Exercise data:
········

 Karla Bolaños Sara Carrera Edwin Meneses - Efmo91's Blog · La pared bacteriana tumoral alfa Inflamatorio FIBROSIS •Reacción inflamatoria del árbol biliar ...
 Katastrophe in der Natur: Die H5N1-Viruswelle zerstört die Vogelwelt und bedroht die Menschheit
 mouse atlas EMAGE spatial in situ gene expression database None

········

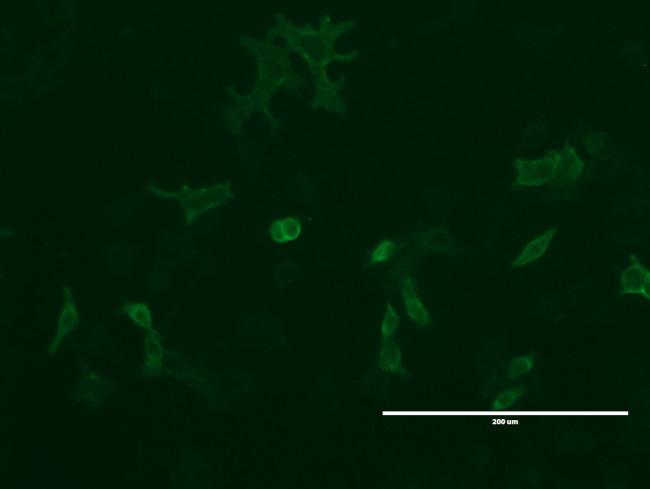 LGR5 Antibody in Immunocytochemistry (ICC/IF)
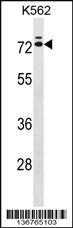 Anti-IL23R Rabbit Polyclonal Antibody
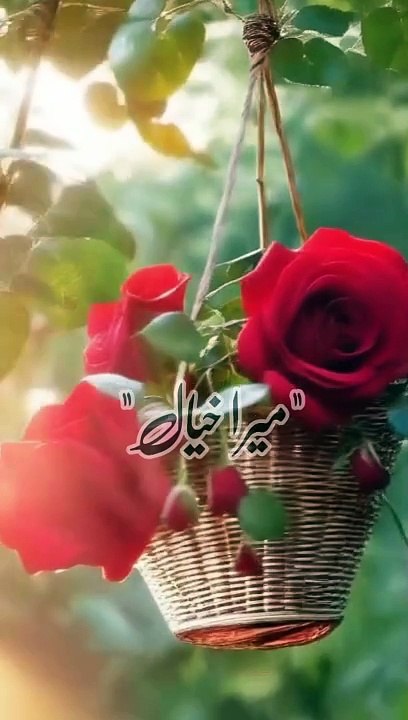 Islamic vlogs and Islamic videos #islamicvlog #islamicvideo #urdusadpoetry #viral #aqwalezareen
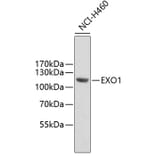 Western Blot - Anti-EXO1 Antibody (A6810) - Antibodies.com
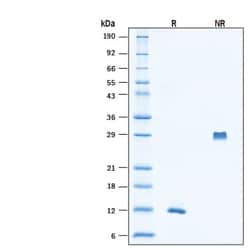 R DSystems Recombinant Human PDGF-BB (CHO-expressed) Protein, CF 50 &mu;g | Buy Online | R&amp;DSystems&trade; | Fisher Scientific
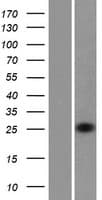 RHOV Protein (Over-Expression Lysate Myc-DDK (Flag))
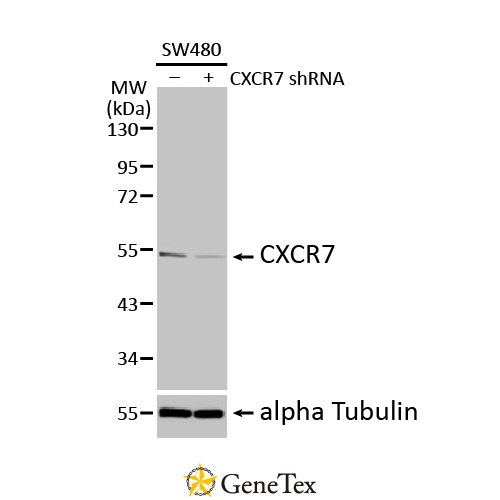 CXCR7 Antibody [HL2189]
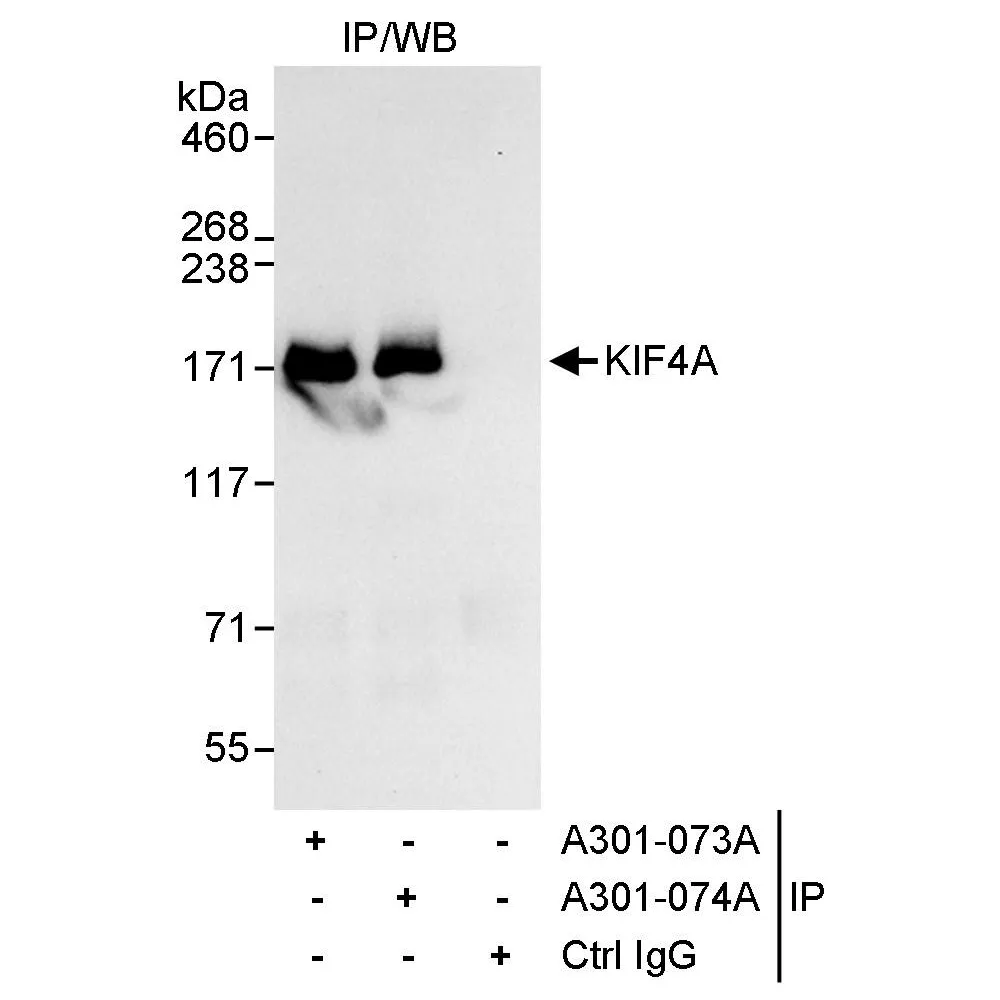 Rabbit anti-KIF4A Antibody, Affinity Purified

········

Your answer should consist of the lines above between those holding "LGR5 Antibody in" and "Rabbit anti-KIF4A Antibody, Affinity", inclusive, reproduced word for word and without pictures.

 LGR5 Antibody in Immunocytochemistry (ICC/IF)
 Anti-IL23R Rabbit Polyclonal Antibody
 Islamic vlogs and Islamic videos #islamicvlog #islamicvideo #urdusadpoetry #viral #aqwalezareen
 Western Blot - Anti-EXO1 Antibody (A6810) - Antibodies.com
 R DSystems Recombinant Human PDGF-BB (CHO-expressed) Protein, CF 50 &mu;g | Buy Online | R&amp;DSystems&trade; | Fisher Scientific
 RHOV Protein (Over-Expression Lysate Myc-DDK (Flag))
 CXCR7 Antibody [HL2189]
 Rabbit anti-KIF4A Antibody, Affinity Purified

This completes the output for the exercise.